Todos tenemos un lugar. Somos gracias a este espacio que nos acoge. Hasta el crucificado, el preso, el emparedado, o el niño castigado por el padre a no salir de casa por mearse en el porche del vecino dispone de un rincón donde maldecir o agradecer su existencia. Y hay quienes tan identificados están con su entorno que no sólo se alimentan de él, sino que se confunden con su pelaje. Pero este es otro tema, aunque importante por sus muchas implicaciones en la vida diaria, véase sino el camuflaje de camaleones y políticos, las peleas de lindes, o el oportunismo del trepa, no es el que hoy, un día después (siempre llegamos tarde) de los derechos humanos, aquí me trae.
Que hoy agradecía yo a esta banqueta en la que estoy sentado su cobijo y soporte, mi descanso. Y hasta podría decir que ella es mi infraestructura. Si para Marx la economía era la base determinante de las relaciones sociales, el lugar en el que ahora asiento mis posaderas es mi necesidad vital.
Es cierto, yo no soy la banqueta, como tampoco el nacionalista es su tierra.
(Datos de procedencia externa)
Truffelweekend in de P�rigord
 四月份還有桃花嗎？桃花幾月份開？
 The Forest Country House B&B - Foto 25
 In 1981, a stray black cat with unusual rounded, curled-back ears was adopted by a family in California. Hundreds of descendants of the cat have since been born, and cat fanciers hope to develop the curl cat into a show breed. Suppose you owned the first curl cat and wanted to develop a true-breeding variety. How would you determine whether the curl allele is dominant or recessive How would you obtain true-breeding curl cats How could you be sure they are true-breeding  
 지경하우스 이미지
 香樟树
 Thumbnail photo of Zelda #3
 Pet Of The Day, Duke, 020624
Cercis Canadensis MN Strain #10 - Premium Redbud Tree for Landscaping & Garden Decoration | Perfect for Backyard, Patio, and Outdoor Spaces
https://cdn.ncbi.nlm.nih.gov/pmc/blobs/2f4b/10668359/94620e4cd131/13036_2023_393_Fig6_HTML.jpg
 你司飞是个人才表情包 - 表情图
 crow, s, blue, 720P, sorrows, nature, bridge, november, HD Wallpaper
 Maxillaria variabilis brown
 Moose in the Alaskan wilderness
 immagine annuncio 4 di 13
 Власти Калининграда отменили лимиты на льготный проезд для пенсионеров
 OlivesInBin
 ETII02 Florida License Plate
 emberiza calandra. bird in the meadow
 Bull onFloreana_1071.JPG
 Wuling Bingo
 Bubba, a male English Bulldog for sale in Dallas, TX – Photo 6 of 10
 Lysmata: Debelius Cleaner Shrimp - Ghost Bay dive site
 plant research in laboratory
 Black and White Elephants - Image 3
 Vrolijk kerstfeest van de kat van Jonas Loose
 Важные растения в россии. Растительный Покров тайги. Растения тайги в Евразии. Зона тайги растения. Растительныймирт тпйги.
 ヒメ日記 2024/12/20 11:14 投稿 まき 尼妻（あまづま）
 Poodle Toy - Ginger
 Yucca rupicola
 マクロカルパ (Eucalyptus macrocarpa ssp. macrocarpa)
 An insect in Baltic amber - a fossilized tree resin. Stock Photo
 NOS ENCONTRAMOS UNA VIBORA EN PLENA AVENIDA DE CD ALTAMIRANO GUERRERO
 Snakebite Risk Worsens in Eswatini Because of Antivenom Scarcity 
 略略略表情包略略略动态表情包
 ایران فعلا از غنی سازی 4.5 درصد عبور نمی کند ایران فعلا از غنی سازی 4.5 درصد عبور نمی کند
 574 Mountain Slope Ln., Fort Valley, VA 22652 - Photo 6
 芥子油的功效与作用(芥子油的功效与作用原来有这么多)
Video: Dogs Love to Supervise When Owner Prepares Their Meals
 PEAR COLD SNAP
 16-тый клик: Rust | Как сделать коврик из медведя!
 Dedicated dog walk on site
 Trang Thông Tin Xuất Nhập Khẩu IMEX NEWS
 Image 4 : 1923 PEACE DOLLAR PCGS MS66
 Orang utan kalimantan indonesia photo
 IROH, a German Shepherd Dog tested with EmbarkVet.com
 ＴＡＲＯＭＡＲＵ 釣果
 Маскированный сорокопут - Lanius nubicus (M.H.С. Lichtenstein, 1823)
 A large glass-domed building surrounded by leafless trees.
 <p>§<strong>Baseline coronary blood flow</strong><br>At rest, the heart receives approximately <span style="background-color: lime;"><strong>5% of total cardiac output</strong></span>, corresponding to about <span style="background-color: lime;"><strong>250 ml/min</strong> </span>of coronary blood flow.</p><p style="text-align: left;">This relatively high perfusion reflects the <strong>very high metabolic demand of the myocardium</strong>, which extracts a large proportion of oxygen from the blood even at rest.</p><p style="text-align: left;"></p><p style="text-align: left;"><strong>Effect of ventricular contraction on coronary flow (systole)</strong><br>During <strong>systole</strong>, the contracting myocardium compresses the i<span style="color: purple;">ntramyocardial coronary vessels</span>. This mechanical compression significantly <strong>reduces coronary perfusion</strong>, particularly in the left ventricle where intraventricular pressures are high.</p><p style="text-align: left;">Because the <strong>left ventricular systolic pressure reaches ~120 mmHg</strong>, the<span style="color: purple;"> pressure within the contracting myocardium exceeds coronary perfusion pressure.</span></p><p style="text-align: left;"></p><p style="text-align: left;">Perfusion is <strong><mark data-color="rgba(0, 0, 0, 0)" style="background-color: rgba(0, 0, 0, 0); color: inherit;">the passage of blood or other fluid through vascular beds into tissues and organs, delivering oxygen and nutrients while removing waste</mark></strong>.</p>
No somos el lugar, somos todo el lugar. Que tampoco tengo yo suficiente preparación para meterme en berengenales que no he mamado ni entiendo. Pero hoy sentí un placer inmenso de poder sentarme aquí en esta banqueta. Y tanto me embargó su acogida que hoy, un día después de los derechos humanos, quisiera que todo el mundo pudiera sentir lo mismo.